### Data provided
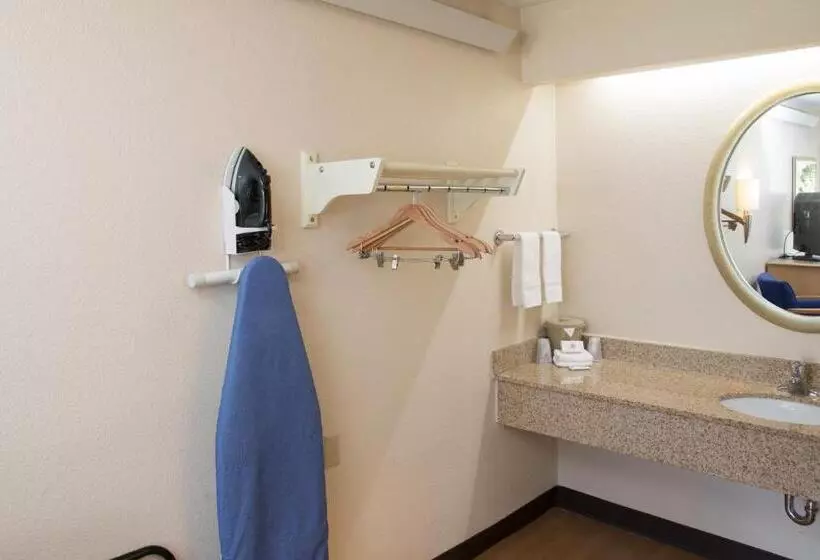 酒店 Red Roof Inn Cincinnati Northeast  Blue Ash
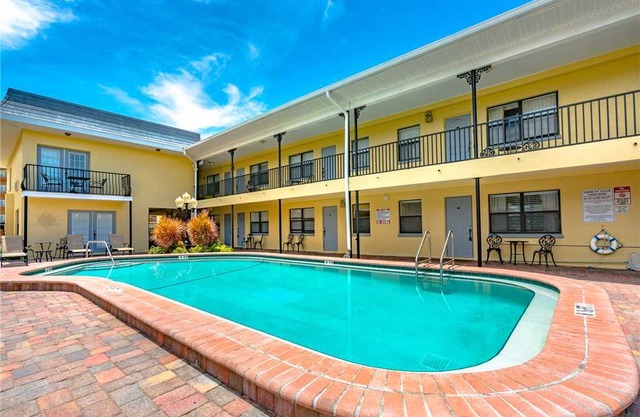 Royal Orleans 103, Studio, Heated Pool, WiFi, Sleeps 2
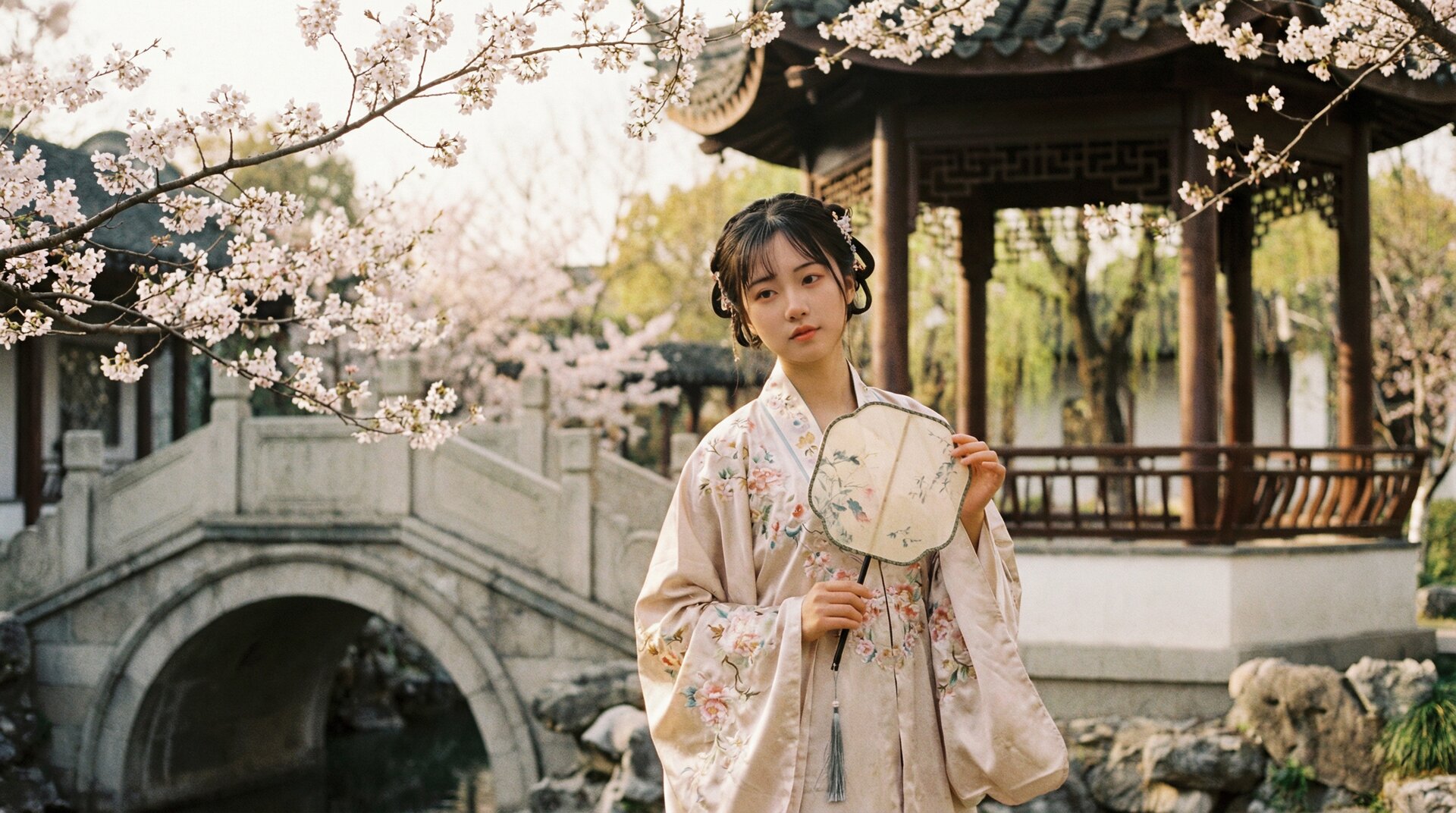 蜜桃视频古风视频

### What you need to do
Only the pictures may be dropped when you copy the data above; everything else stays exact.

### Exercise response
 酒店 Red Roof Inn Cincinnati Northeast  Blue Ash
 Royal Orleans 103, Studio, Heated Pool, WiFi, Sleeps 2
 蜜桃视频古风视频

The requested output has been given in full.